The good news is that Campbell has returned to health, and the duo has headed back to the road. They have released a 12-track collection from the two shows at Helms’ studio to promote its performances. The material includes a wide selection of songs, including familiar favorites, previously unrecorded songs, and some relatively obscure covers. Although it has been more than three years since the original performances, Live at Levon’s! serves as an excellent introduction to the pair’s live shows.
Live at Levon’s! begins with a lighthearted version of Reverend Gary Davis’s Piedmont gospel stylings of “Let Us Get Together” that encourages the audience to respond. When the duo performs one of Campbell’s original songs, such as “Angel of Darkness” and “It Ain’t Gonna Be a Good Night”, one can hear the crowd’s recognition and approval.
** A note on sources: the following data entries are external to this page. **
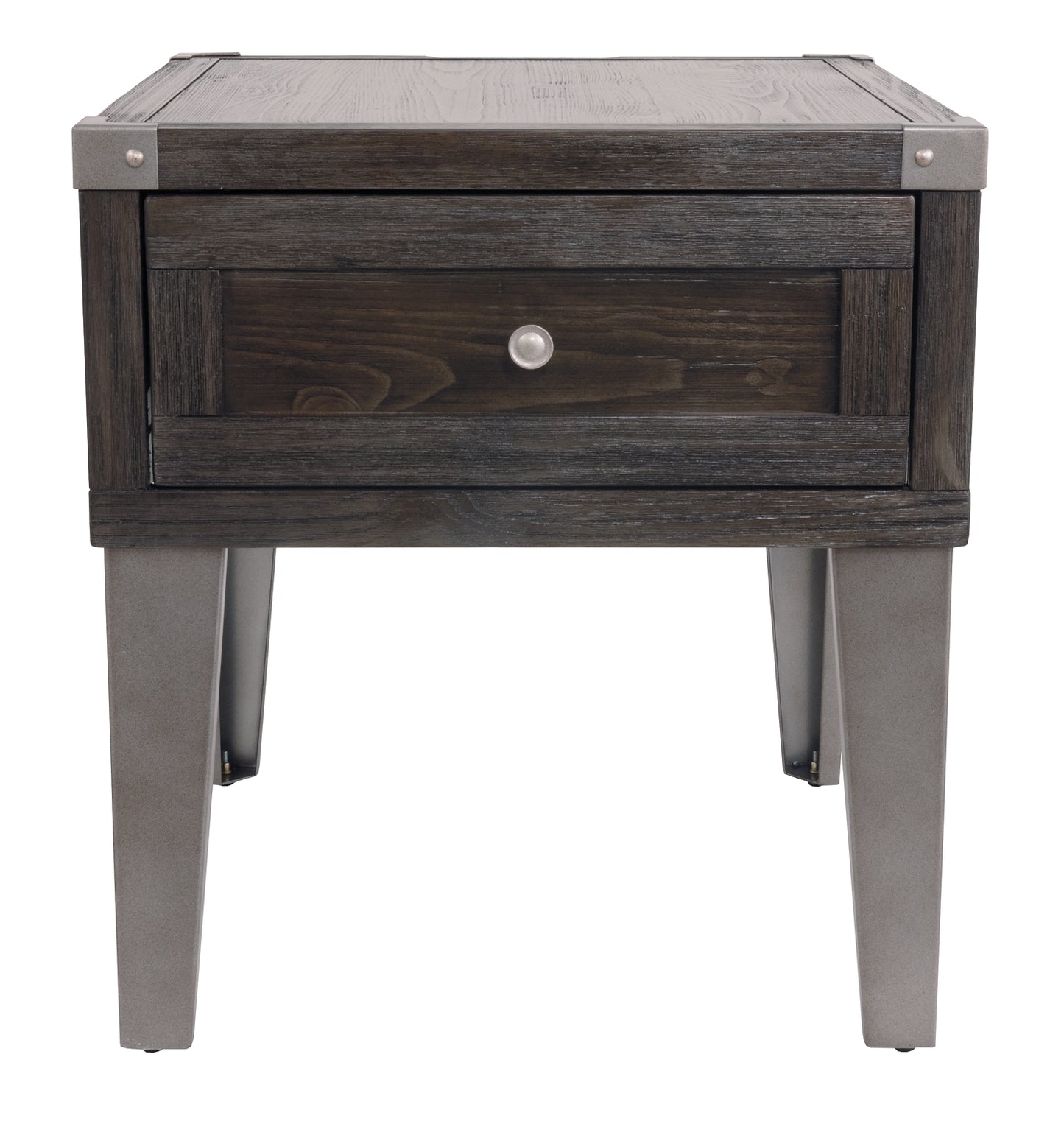 Todoe Rectangular End Table Milwaukee Furniture of Chicago - Furniture Store in Chicago Serving Humbolt Park, Roscoe Village, Avondale, & Homan Square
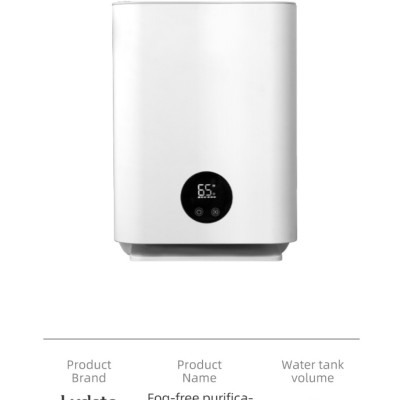 Máy tạo độ ẩm không đọng sương Lydsto H5 - Hàng chính hãng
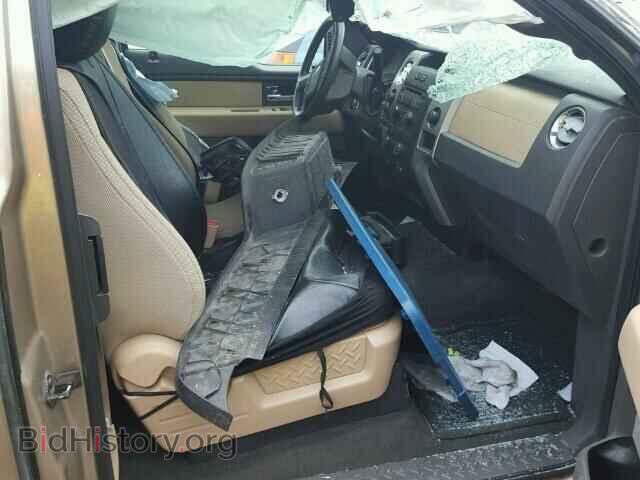 2012 FORD F150 - VIN: 1FTFX1ET4CFA93637 - Фото 5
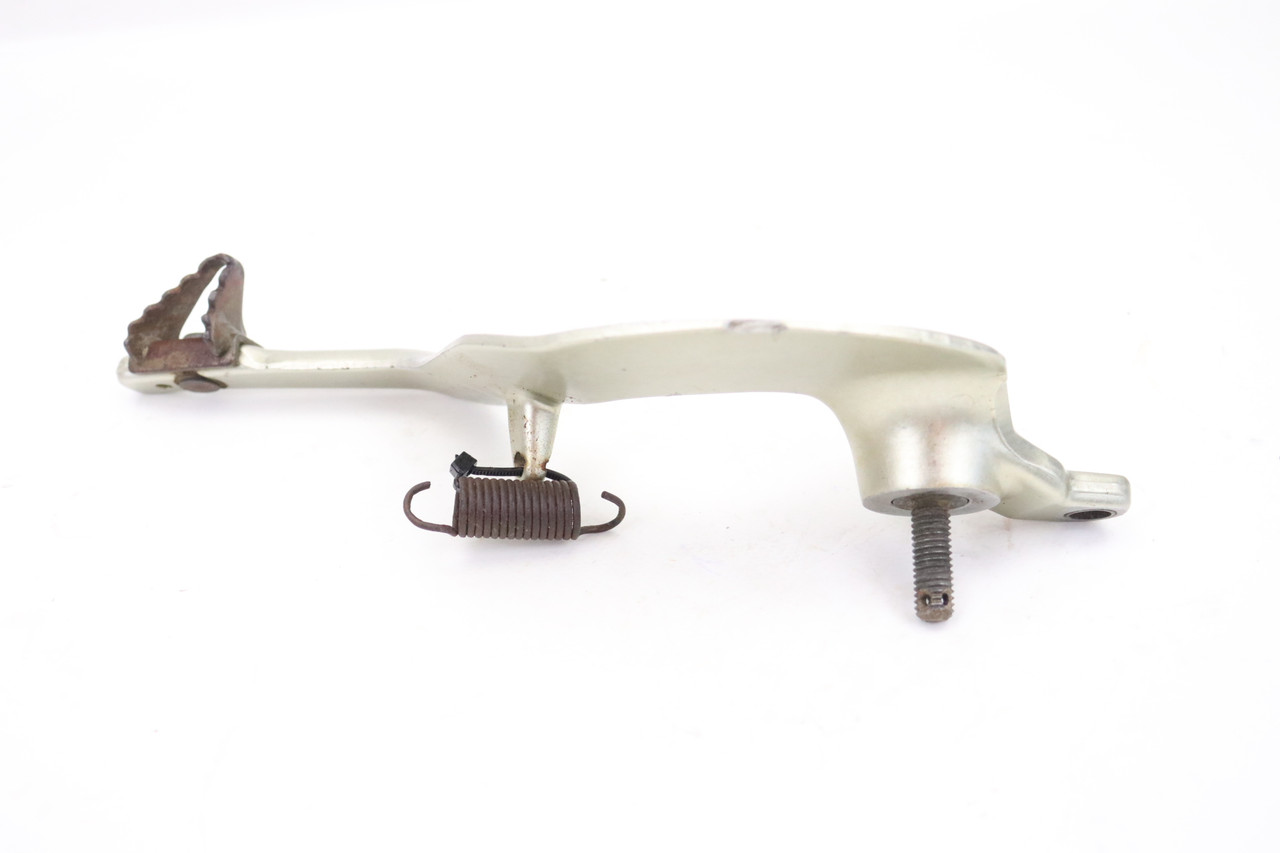 WR250F 01-06 YZ250F 01-05 Rear Brake Pedal Lever Yamaha 4XM-27200-21-00 #265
Campbell is known for his tasty guitar-playing chops as a member of Bob Dylan‘s and Levon Helms’ backup bands. His talents are evident here on such different energetic instrumentals as Duke Ellington‘s big band classic “Caravan” and bluegrass Bill Monroe‘s “Old Dangerfield”. Campbell allows the other players to show their stuff before launching into his sophisticated solos. He has a soulful voice, and when he sings lead, as in “When I Stop Loving you”, one can feel his roots in the country blues.
Williams has a more powerful voice with a wide range that can stand out even when blending in with Campbell. She demands attention when singing the lead, no matter what the format. Williams turns Johnny Mullins’s “Success”, made popular by both Loretta Lynn and Sinead O’Connor, into a sad weeper and Louis Prima’s (with Milton Kabak) dirty jump jazz tune “Yeah, Yeah, Yeah” into something jive and greasy. The band does a great job of backing her up and getting the crowd in on the action.
One of the most exciting aspects of Live at Levon’s is the diversity of the material and how well all the musicians handle the changes. They make familiar fare such as Johnny Cash‘s “Big River” and John Sebastian’s “Darling Be Home Soon” into something exciting instead of a tribute to nostalgia. Sure, there is something familiar about it all, but the music here reveals that live music has a life of its own—even after three-plus years in the can.